First of all, with regard to cell phones in the classroom, I think allowing this is absolutely unnecessary. As a former 7th – 12th grade math and computer science teacher, and now an MSIA professor, there is absolutely no good reason to allow cell phones in the classroom. If there is an emergency, the school office can be called and someone can go get the student tout de suite, just like has always been done throughout the past several decades. Besides being unnecessary distractions, cell phones also breed multiple methods of cheating, along with these reported clandestine recordings.
But putting aside the purely educational issues, the use of technology within any type of organization to secretly record…audio, video and photo…information that is then widely posted for the world, or competitors or customers or employees or family members or criminals, to see is an issue that all organizations should think about.
Over the past few years I have visited many different client sites and facilities, including government agencies, technology companies, communications companies, healthcare companies, manufacturing companies, and many others throughout a wide array of industries. There were glaring vulnerabilities with regard to this issue within virtually all of them. All had procedures, but they were not comprehensive and left much to the discretion of the visitor to reveal.
For example, one facility logged detailed information about my notebook computer I had with me, but said they didn’t need any information about my cell phone, which has a clearly apparent camera capability. As another example, an organization did take my cell phone and kept it at their front desk, but allowed my notebook computer, with a visible but admittedly not clearly apparent built-in cam, into the facility with no comments or directives whatsoever.
What’s happening in Australian schools can easily happen, and IS happening, within most organizations.

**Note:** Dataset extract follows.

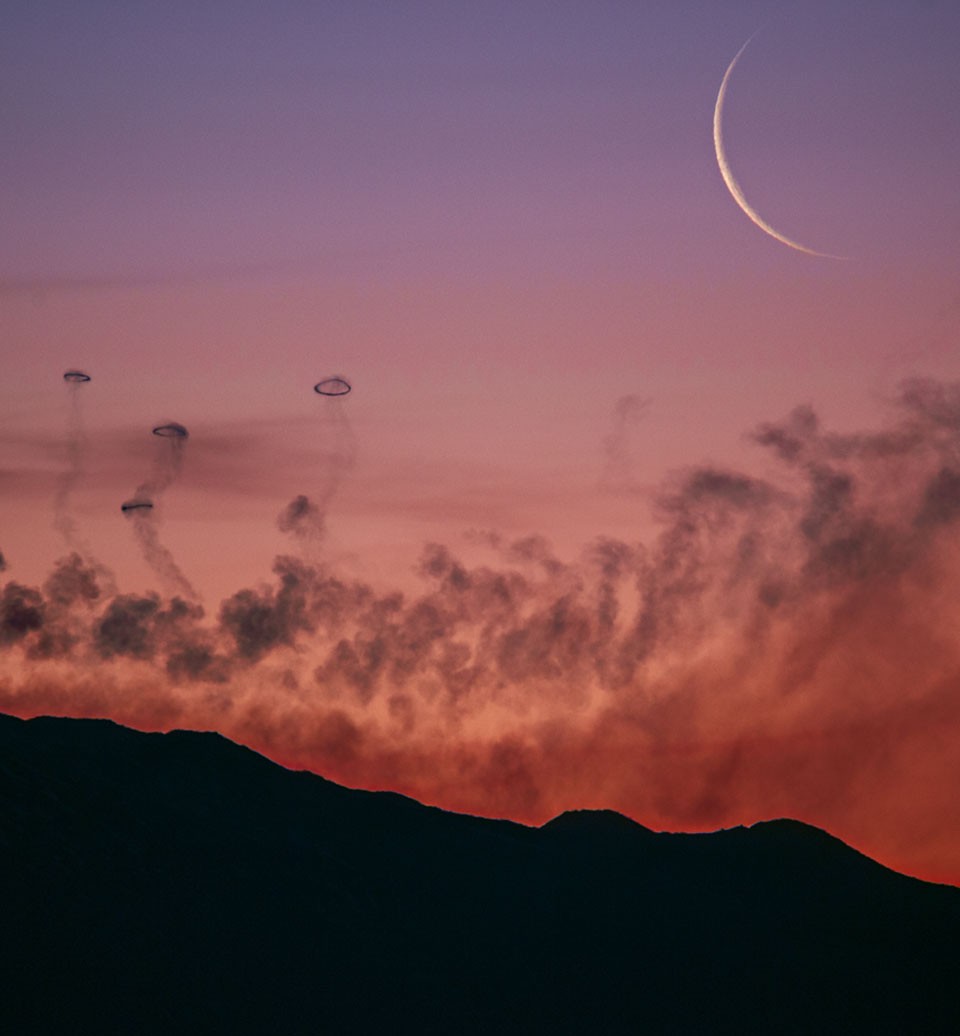 Moon and Smoke Rings from Mt Etna — APOD for 2024-04-22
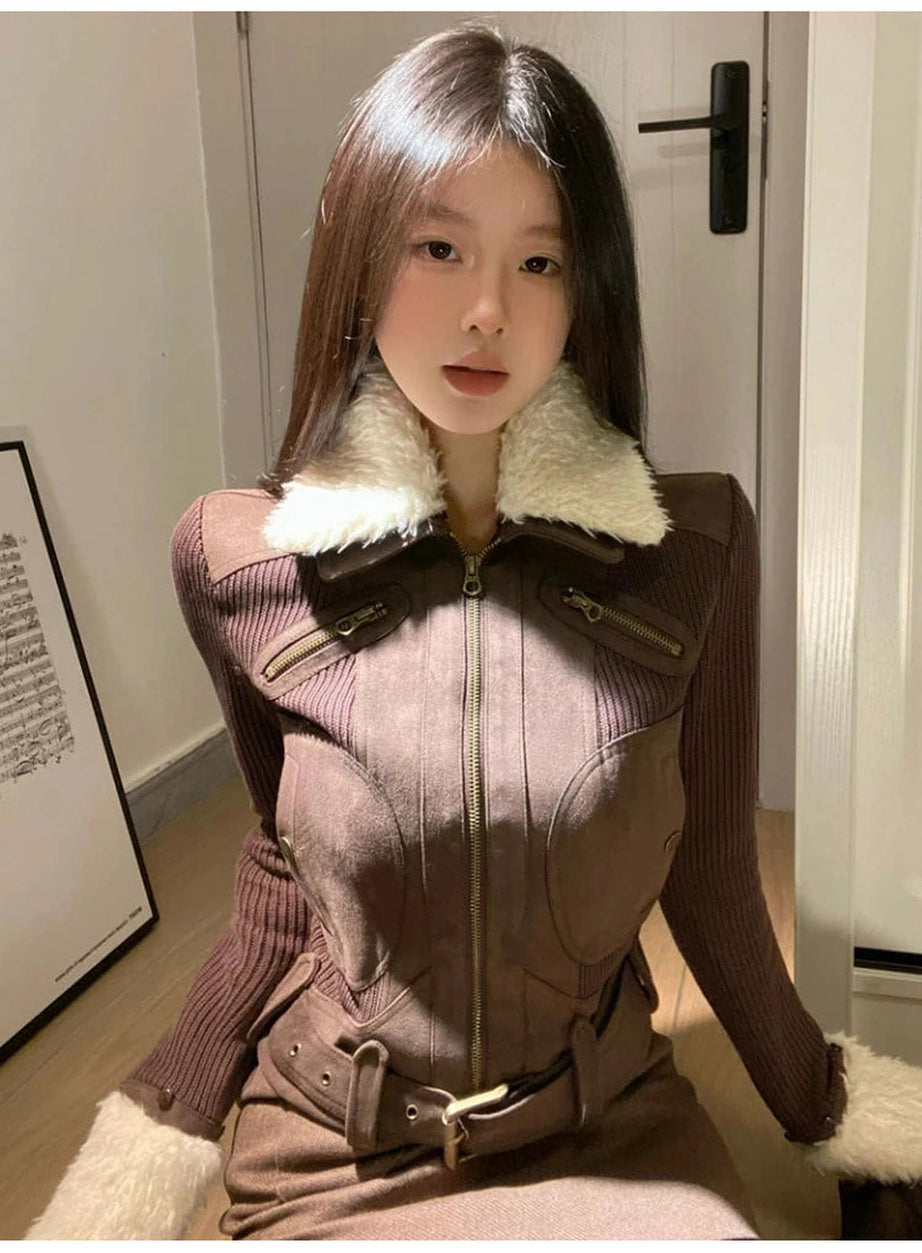 Furry Aviator Bomber Jacket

People can be capturing not only embarassing moments that are later ridiculed by millions through a viral YouTube posting, but there can also be some very sensitive data being captured…on white boards, computer monitors, on printed documents, and many other places…that can then be posted and used for fraud, crime, or any number of other harmful activities.
What are your organization’s policies on allowing visitors to use their cell phones and notebook computers within your facilities? What about allowing recording devices into meeting rooms? Or allowing them into areas where vast amounts of personally identifiable information (PII) or other sensitive information is stored, displayed, handled or otherwise viewable?
This is not an easy issue to address. This is probably why it does not get addressed within most organizations. Most determine there is nothing that can feasibly be done to prevent secret surveillance, and so do nothing. However, doing nothing certainly does not demonstrate a standard of due care.
No solutions are perfect or undefeatable. However, that does not mean the threats should be dismissed.